The British Museum is holding secret talks with the Greek government over whether to return the Elgin Marbles, according to a report.
The museum’s president, former Chancellor George Osborne, is said to have been in talks with Greek Prime Minister Kyriakos Mitsotakis since last November.
While Mr Osborne has pledged not to “dismantle our large collection”, talks are at an “advanced stage”, sources quoted by Greek daily Ta Nea said.
The marbles are made up of 17 figures and an elaborate frieze that decorated the 2,500-year-old Parthenon temple at the Acropolis in Athens.
They were taken by Lord Elgin in the early 19th century when he was British Ambassador to the Ottoman Empire.
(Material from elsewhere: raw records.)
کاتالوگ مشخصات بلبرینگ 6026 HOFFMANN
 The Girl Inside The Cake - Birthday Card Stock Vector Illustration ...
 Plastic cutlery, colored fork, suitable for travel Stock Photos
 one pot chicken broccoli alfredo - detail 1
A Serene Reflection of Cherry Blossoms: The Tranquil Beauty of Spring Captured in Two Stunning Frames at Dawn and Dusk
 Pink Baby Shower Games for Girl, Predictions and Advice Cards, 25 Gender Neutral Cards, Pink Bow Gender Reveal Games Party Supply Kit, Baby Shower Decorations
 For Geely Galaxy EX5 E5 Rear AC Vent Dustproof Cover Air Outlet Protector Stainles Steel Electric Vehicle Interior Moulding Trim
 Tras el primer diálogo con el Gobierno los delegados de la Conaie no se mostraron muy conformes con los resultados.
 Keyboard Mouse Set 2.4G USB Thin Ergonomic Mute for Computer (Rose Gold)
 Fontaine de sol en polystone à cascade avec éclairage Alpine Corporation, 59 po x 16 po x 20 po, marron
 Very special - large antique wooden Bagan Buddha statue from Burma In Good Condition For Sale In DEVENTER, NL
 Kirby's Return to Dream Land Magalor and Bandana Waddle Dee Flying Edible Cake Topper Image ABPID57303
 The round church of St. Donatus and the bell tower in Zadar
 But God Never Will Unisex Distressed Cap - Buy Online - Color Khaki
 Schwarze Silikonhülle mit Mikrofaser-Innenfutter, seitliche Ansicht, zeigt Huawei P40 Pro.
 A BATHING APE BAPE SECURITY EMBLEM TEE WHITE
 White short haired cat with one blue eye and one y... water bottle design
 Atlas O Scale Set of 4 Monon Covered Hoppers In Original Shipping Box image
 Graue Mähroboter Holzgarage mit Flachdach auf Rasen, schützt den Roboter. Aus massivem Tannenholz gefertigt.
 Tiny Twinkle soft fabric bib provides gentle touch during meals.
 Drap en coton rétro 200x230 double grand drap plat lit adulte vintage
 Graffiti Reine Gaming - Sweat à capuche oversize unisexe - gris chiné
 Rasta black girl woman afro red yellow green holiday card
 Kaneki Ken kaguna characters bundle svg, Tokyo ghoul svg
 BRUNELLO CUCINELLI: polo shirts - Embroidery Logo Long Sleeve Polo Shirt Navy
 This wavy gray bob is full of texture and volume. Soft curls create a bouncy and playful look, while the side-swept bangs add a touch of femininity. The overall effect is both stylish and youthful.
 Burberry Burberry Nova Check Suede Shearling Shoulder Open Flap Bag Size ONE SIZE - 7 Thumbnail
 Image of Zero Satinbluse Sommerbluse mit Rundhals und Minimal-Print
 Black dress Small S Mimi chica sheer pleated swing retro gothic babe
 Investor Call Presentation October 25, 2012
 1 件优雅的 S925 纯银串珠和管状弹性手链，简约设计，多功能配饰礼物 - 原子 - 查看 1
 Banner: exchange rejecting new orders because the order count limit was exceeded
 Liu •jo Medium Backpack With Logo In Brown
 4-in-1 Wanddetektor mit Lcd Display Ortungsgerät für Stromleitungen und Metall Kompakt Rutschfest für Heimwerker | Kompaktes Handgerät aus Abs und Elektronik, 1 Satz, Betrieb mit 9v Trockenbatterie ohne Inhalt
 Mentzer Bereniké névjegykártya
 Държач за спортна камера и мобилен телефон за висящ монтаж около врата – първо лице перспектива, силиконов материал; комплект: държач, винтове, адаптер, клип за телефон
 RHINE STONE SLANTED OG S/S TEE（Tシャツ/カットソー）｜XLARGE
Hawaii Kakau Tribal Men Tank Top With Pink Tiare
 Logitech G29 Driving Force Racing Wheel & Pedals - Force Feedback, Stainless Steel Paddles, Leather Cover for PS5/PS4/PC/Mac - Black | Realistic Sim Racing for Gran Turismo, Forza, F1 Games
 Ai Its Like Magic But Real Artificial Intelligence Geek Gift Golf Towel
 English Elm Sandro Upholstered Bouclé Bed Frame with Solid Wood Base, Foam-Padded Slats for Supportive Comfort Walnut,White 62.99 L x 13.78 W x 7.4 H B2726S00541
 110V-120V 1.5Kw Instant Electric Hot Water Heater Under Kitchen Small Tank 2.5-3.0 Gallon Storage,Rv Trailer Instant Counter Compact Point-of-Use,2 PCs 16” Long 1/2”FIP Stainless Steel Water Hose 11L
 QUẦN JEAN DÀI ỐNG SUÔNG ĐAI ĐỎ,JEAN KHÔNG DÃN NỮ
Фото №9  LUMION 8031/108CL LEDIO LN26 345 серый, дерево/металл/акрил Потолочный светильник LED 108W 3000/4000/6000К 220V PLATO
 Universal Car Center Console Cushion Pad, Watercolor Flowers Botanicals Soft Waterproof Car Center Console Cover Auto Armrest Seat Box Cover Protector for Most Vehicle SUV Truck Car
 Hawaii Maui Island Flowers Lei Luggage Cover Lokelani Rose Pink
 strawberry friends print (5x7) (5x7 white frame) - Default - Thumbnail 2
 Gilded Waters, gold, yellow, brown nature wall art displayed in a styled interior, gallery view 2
Like many artifacts transported to Britain during Imperial times, the Marbles have been the subject of a long-running dispute over where they should be displayed or returned.
Mr Mitsotakis repeatedly requested that the sculptures be transferred, even offering to lend other treasures to the British Museum in return.
A spokesperson for the Parthenon Project, a campaign advocating the return of the marbles, hailed the talks as a “positive sign” and insisted that a “win-win solution” to the age-old debate is possible.
The British Museum said: “We have publicly called for a new Parthenon partnership with Greece and we will talk to anyone, including the Greek government, about how to take this forward.”
“As the chairman of the trustees said last month, we abide by the law and we are not going to dismantle our great collection because it tells a unique story of our common humanity.”
“But we are looking for new, positive, long-term partnerships with countries and communities around the world, and that of course includes Greece.”
The Parthenon Project said: “With broad support for reunification among Greek and British audiences and constructive dialogue based on mutual trust, a solution to this long-standing problem is finally within reach.
“We advocated for an agreement that is beneficial to both Greece and Britain, centered on a cultural partnership between the two countries.
“This would allow the British Museum to continue to play its role as ‘museum of the world’ showcasing magnificent Greek artefacts in rotating exhibitions, with the Parthenon sculptures brought together in their rightful home in Athens.”